In my book “Red-Handed
,” we meet a remarkable young man named Nathan Law, the Chinese-born, Hong Kong-raised leader of a pro-democracy effort called the “Umbrella Movement,” which protested Beijing’s suppression in Hong Kong. Law's efforts were brutally crushed by the Chinese government, and he went to prison for eight months.
Time magazine named
him one of “the 100 Most Influential People of 2020.”
Once freed from Chinese prison, Law decided to attend graduate school at Yale University, an institution whose history of educating Chinese students goes back to 1850, when the first Chinese student to graduate from a U.S. university took his degree from there.
Times are different now. Law’s welcome at Yale was anything but warm. Most Chinese students there today owe their education to the Beijing regime, but when Law tried to speak out on campus, they subjected him to sustained harassment based on his firsthand experience against China’s repression of democracy and freedom in Hong Kong. Even Yale’s administration remained deaf
to the harassment he endured. Why? Because Chinese government money spoke too loudly.
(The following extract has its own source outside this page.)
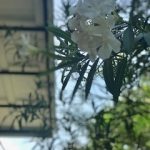 Magnolia: Magnolia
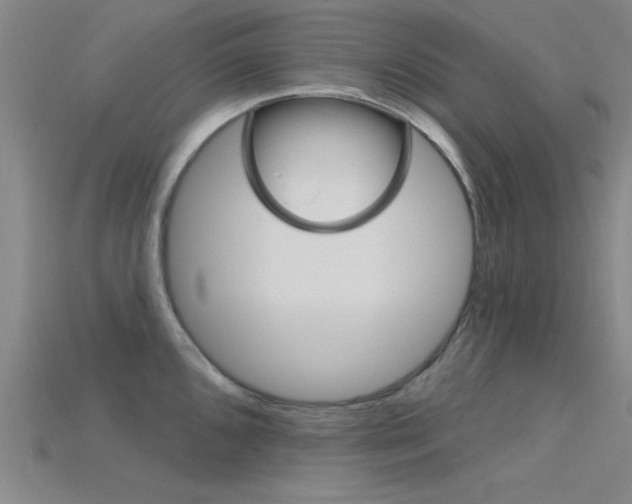 X0000115811096200911131037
Law’s story highlights a decades-long effort by the Chinese Communist Party (CCP) to co-opt America’s most gleaming ivory towers by funding “Confucius Institutes” at leading U.S. colleges and universities. It has been going on since about 2005. By 2020, more than 118 such “institutes” had sprung up, offering innocent-sounding language and cultural education, directly funded by Hanban, an arm of the Chinese communist regime's ministry of education.
Donald Trump's administration and Congress recognized the perniciousness of the influence campaign. Secretary of State Michael Pompeo flagged Confucius Institutes as “part of the Chinese Communist Party’s global influence and propaganda apparatus” in a 2020 statement that officially designated
the Confucius Institute U.S. Center as a foreign mission of the People’s Republic of China. The State Department warned
college and university governing boards that Confucius Institutes “exert malign influence on U.S. campuses and disseminate CCP propaganda.”
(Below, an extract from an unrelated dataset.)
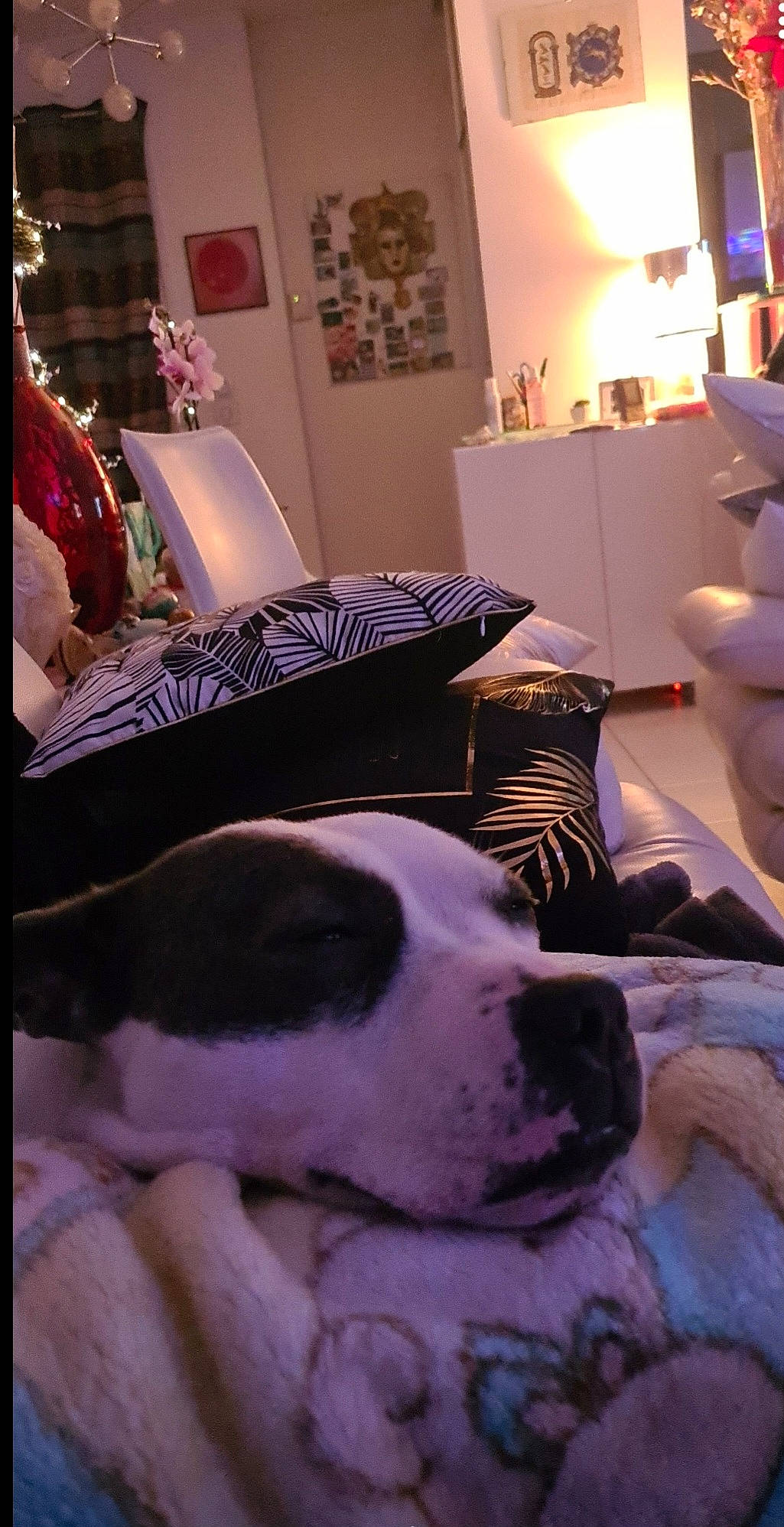 Missy a rejoint le concours — aidez-le/la à gagner de superbes lots ! carnivore, comfort, companion_dog, couch, dog, dog_breed, fawn, floor, flooring, lamp, light, linens, living_room, picture_frame, room, sporting_group, white, window, wood, working_animal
Even more, FBI Director Chris Wray told the U.S. Senate
in 2018 that the bureau was investigating Confucius Institutes because it detected that China uses “nontraditional collectors, especially in the academic setting” to engage in espionage.
Under such pressure, universities moved to shutter these arrangements, and 104 of the 118 Confucius Institutes that once existed in the United States have closed or are being closed. But as I have learned from my own study of China’s influence on American institutions, Chinese money doesn't need to speak loudly to co-opt foreign institutions. Sometimes, a whisper will do.
A new, detailed, and thorough report
by the National Association of Scholars (NAS) confirms that not a single one of these institutes disappeared; they were just rebranded under a “sister university” arrangement with universities in China, given a different name, or moved to a different sponsor school. And the money continues to flow.
The Chinese government renamed Hanban to the Ministry of Education Center for Language Education and Cooperation (CLEC). It spun off a separate organization, called the Chinese International Education Foundation (CIEF), that continues to fund and oversee Confucius Institutes and many of their replacements, the NAS report tells us.
The NAS report traces the fate of each of the 109 Confucius Institutes and did deep case study investigations of several of them. One case study that stood out was the Confucius Institute at the University of Washington in Seattle, which was spun off to Pacific Lutheran University in Tacoma, Washington. The Confucius Institute at Western Kentucky University wound up partnering with the county K–12 school system in Simpson County, where it continues to be run by the same people.
The tendency in academia is to treat these institutes as they do other donor gifts, but there are disclosure laws concerning foreign funds that go to American schools. Yale was caught
looking the other way at precisely this when it accepted $30 million from billionaire entrepreneur and Yale graduate Joe Tsai (Alibaba co-founder) to the China Center of Yale Law School, which was renamed the Paul Tsai China Center for his father. The Tsai Center, which studies Chinese law, might have been a good place for a man with Law’s experience to have spoken, given his deep knowledge of the subject. But the Tsai Center apparently wasn't interested in hearing his perspective. He was never invited.
Jamie P. Horsley, senior fellow of the Tsai Center and its former executive director, defends
the purpose of Confucius Institutes on American campuses. She argues that they're needed to teach students Mandarin, a language increasingly necessary for business success. She has also written articles minimizing
the effects of China’s social credit system and supporting
its Belt and Road Initiative.
That's exactly what many Americans fear about placing China’s government-funded institutes, whatever they're called, on American campuses. It's what led the State Department to classify them as diplomatic missions.
After the NAS study’s author, Rachelle Peterson, concluded her prepared remarks about the research before an audience at The Heritage Foundation recently, she shared a conversation she had with the Chinese director of one Confucius Institute at a U.S. university, which she declined to name.
Peterson asked the Chinese director how she would respond if a student asked her about Tiananmen Square. The director answered
that she “would show a photograph [of it] and point out the beautiful architecture. That’s the most important thing about that square.”
Views expressed in this article are opinions of the author and do not necessarily reflect the views of The Epoch Times.